● **EXERCISE GOAL**
From the first line to the last, give the listing again exactly.

● **EXERCISE INPUT**
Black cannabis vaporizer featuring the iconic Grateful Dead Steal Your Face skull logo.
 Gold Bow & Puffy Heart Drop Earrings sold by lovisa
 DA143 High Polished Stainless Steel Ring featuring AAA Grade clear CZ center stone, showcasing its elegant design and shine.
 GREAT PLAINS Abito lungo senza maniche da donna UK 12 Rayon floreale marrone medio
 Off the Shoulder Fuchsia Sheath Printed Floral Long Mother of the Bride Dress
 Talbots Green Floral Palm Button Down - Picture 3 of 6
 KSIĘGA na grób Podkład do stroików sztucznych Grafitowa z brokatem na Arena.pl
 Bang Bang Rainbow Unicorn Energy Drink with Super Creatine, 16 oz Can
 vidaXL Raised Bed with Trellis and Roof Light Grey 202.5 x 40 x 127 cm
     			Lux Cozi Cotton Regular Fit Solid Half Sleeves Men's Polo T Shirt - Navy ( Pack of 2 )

● **COMPLETED TASK**
Black cannabis vaporizer featuring the iconic Grateful Dead Steal Your Face skull logo.
 Gold Bow & Puffy Heart Drop Earrings sold by lovisa
 DA143 High Polished Stainless Steel Ring featuring AAA Grade clear CZ center stone, showcasing its elegant design and shine.
 GREAT PLAINS Abito lungo senza maniche da donna UK 12 Rayon floreale marrone medio
 Off the Shoulder Fuchsia Sheath Printed Floral Long Mother of the Bride Dress
 Talbots Green Floral Palm Button Down - Picture 3 of 6
 KSIĘGA na grób Podkład do stroików sztucznych Grafitowa z brokatem na Arena.pl
 Bang Bang Rainbow Unicorn Energy Drink with Super Creatine, 16 oz Can
 vidaXL Raised Bed with Trellis and Roof Light Grey 202.5 x 40 x 127 cm
     			Lux Cozi Cotton Regular Fit Solid Half Sleeves Men's Polo T Shirt - Navy ( Pack of 2 )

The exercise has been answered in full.